### Work item
Your answer is the lines below, exactly, from the one that contains "Black and white" through the one that contains "2804 2559th Road", both included.
Start of Block
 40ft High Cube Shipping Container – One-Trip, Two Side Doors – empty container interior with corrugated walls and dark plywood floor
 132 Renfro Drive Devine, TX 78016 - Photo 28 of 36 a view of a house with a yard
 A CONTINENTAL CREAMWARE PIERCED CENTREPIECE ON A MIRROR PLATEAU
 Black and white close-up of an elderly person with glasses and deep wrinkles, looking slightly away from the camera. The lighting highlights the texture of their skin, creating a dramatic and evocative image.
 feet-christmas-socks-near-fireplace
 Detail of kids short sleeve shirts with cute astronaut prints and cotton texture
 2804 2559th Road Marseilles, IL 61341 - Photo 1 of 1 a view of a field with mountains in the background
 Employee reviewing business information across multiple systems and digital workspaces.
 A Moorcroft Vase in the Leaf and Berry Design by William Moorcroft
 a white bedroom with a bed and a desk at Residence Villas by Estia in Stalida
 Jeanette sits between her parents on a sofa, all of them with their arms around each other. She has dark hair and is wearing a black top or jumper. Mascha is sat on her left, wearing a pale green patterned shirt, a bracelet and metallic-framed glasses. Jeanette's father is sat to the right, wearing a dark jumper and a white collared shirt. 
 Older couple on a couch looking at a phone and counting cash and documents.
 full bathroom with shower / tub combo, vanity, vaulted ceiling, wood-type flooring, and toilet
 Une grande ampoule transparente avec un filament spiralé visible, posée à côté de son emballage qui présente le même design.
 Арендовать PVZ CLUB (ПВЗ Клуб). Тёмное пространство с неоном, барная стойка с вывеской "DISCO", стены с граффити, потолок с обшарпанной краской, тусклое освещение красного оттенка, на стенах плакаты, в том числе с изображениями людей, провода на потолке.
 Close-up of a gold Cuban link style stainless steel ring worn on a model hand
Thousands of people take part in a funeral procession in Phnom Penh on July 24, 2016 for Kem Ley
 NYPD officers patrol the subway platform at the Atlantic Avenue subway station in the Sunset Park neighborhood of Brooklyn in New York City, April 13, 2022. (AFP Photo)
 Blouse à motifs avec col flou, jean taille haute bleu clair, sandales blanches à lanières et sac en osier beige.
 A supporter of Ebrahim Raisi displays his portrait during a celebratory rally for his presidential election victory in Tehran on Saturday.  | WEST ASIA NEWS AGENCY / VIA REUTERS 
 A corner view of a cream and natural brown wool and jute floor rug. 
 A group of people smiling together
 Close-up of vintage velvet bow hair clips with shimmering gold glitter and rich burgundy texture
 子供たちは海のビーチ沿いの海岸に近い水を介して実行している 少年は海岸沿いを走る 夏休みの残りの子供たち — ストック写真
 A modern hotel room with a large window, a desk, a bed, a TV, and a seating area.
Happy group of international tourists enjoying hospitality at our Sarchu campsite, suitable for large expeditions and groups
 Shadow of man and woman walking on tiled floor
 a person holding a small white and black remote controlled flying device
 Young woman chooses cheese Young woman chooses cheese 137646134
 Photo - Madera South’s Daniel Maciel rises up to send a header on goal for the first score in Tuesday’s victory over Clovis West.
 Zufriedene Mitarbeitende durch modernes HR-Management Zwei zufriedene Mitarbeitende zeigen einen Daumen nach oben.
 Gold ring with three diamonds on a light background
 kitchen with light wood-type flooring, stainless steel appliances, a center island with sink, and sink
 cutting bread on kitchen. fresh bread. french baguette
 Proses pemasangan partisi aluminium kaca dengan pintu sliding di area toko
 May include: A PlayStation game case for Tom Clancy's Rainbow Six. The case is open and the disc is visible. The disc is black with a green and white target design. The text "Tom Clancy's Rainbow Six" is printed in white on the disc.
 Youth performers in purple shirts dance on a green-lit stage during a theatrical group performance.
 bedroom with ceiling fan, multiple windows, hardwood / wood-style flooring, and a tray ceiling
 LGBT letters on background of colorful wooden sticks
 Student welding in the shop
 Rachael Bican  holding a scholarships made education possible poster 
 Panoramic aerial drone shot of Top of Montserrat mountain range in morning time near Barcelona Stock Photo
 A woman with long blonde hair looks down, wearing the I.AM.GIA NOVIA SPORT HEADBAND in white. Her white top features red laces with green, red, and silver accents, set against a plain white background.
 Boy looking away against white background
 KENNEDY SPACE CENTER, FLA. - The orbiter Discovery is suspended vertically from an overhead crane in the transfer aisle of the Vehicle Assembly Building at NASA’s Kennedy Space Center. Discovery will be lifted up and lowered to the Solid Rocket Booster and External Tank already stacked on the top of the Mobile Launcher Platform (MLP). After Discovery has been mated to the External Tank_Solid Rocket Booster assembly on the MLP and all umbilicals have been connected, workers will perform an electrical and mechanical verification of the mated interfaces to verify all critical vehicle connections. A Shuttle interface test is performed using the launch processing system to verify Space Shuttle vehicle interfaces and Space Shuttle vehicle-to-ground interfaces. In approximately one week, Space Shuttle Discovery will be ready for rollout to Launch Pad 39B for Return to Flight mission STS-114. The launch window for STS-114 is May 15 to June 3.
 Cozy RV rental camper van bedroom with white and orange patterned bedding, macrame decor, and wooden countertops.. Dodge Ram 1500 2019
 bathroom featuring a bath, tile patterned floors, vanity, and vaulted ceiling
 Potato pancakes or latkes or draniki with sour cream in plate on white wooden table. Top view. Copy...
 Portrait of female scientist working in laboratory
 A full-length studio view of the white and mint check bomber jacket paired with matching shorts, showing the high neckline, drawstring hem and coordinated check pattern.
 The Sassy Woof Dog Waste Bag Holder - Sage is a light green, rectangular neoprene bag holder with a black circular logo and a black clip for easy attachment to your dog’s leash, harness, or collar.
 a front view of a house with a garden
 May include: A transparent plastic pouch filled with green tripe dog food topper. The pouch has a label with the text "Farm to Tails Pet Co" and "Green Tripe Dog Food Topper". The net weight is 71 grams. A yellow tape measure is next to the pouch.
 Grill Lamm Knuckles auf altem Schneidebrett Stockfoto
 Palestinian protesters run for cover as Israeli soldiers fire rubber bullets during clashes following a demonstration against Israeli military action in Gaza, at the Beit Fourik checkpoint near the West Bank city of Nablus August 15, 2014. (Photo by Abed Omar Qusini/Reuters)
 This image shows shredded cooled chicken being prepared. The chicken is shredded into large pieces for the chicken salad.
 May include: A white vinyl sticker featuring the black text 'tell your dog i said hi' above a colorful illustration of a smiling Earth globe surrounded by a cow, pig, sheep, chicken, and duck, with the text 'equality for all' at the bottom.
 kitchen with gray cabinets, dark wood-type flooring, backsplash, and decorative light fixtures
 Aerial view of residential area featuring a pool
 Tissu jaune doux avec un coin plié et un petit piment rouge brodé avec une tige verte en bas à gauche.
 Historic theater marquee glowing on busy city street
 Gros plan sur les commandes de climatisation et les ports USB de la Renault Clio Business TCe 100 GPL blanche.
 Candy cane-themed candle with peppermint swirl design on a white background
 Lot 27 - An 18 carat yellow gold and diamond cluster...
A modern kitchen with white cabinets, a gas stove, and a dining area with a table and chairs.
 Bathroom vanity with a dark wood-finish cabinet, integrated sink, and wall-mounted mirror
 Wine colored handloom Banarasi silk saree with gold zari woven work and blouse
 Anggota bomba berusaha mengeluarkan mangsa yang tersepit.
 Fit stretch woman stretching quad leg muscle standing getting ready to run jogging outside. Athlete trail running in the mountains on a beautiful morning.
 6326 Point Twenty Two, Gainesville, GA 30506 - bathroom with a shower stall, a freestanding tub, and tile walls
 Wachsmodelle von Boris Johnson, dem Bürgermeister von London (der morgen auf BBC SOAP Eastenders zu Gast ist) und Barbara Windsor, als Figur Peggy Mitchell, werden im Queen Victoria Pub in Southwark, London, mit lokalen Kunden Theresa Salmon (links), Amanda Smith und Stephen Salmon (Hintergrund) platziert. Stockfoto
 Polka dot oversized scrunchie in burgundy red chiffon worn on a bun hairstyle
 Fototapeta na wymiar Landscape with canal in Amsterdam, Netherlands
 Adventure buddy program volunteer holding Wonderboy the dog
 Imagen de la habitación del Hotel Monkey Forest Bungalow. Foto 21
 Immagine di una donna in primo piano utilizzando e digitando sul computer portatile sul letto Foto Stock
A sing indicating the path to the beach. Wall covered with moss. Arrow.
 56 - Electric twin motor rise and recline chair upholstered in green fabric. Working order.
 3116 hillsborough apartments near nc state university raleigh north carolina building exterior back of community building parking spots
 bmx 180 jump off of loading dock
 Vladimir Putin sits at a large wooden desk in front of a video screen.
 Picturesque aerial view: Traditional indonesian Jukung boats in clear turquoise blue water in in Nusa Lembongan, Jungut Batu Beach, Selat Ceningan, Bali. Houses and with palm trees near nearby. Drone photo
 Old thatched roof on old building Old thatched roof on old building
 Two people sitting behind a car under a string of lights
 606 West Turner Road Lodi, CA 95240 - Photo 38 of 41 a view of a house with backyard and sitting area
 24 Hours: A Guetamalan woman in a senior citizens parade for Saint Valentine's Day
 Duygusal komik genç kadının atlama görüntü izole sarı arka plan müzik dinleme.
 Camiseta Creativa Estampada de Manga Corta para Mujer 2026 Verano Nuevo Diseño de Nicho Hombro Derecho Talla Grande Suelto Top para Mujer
End of Block
### Solution to this exercise
 Black and white close-up of an elderly person with glasses and deep wrinkles, looking slightly away from the camera. The lighting highlights the texture of their skin, creating a dramatic and evocative image.
 feet-christmas-socks-near-fireplace
 Detail of kids short sleeve shirts with cute astronaut prints and cotton texture
 2804 2559th Road Marseilles, IL 61341 - Photo 1 of 1 a view of a field with mountains in the background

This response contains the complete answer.